Exercise instructions
The entries that follow need to be printed exactly as they are, minus any pictures.

Listed entries
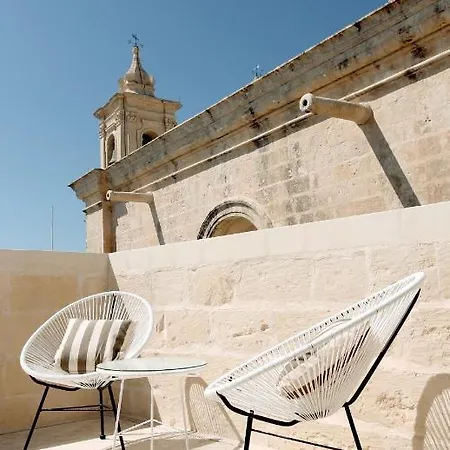Hotell The King George Village Boutique Living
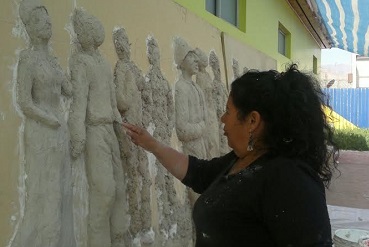 Con mural en relieve reconocen a obreros que iniciaron marcha de 1907 hacia Escuela Santa María,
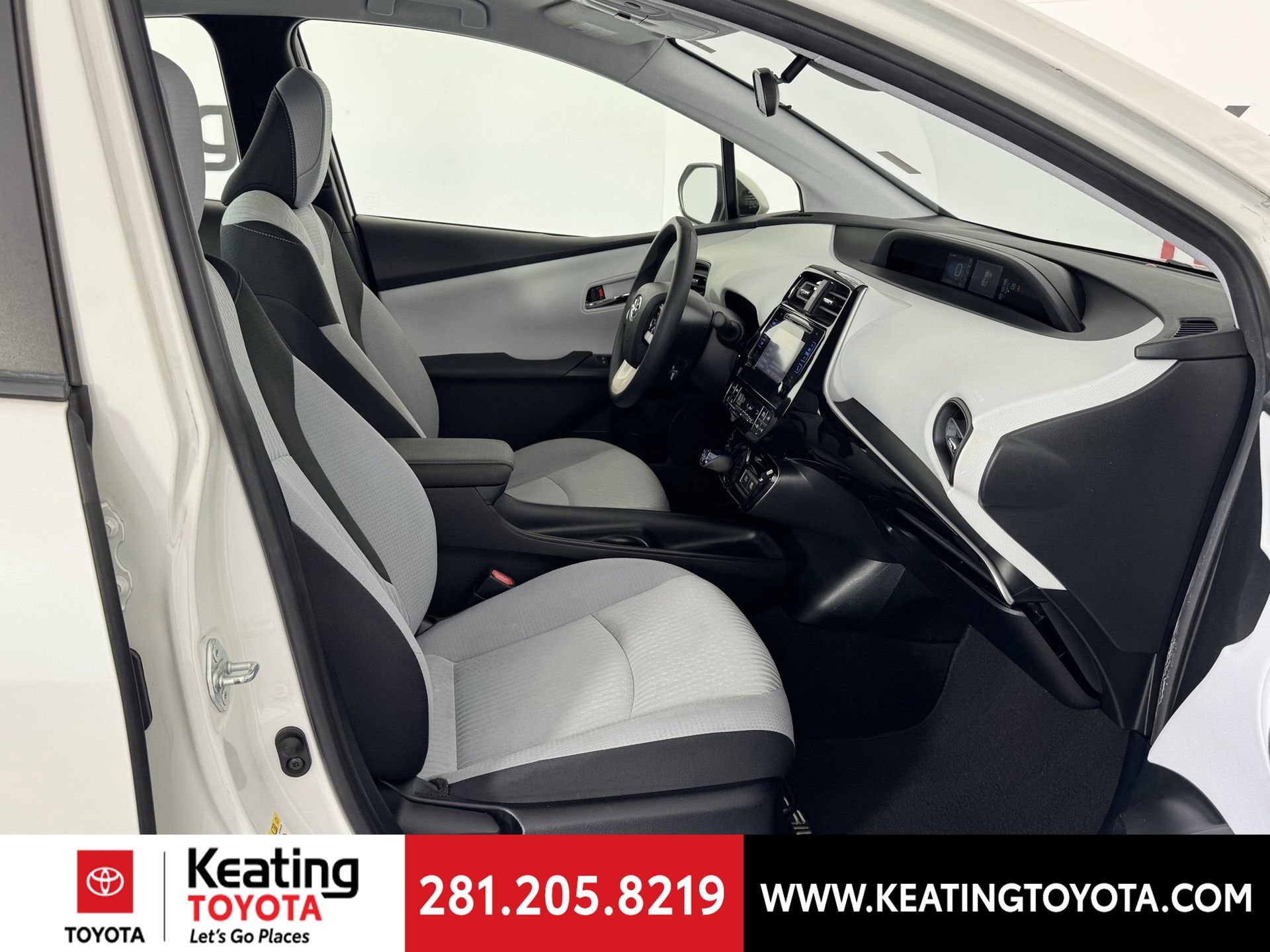 Used 2017 Toyota Prius Two image 20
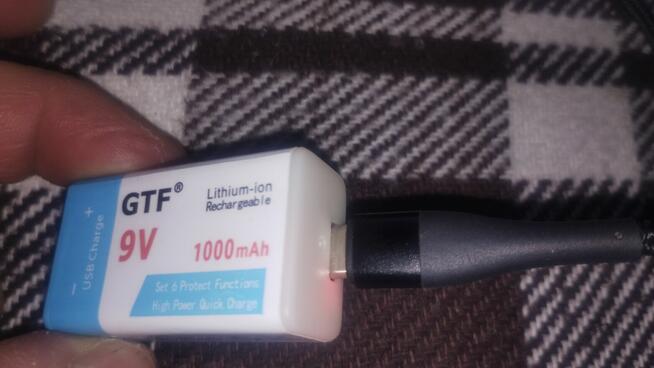 Akumulator 9v 6F22 ladowanie USB typ C.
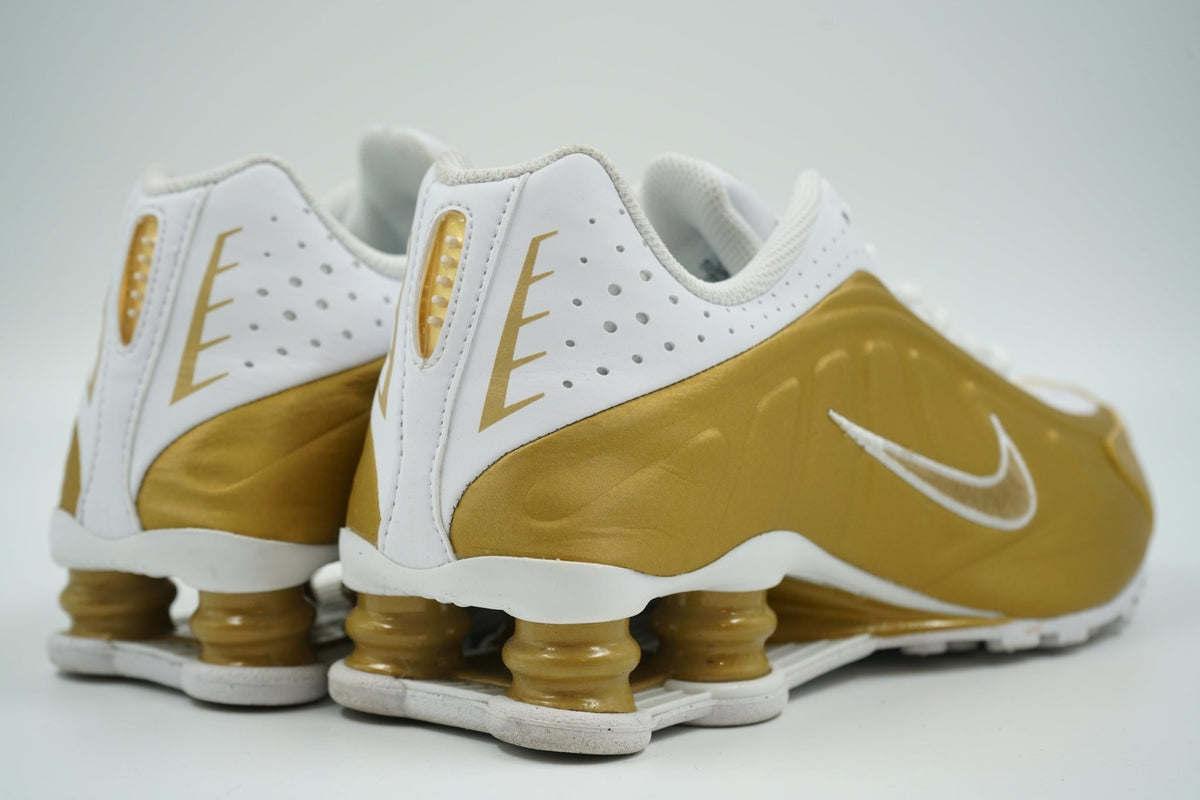 Nike Shox R4 Metallic Gold White - Nike - SecondPlace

Solution
Hotell The King George Village Boutique Living
 Con mural en relieve reconocen a obreros que iniciaron marcha de 1907 hacia Escuela Santa María,
 Used 2017 Toyota Prius Two image 20
 Akumulator 9v 6F22 ladowanie USB typ C.
 Nike Shox R4 Metallic Gold White - Nike - SecondPlace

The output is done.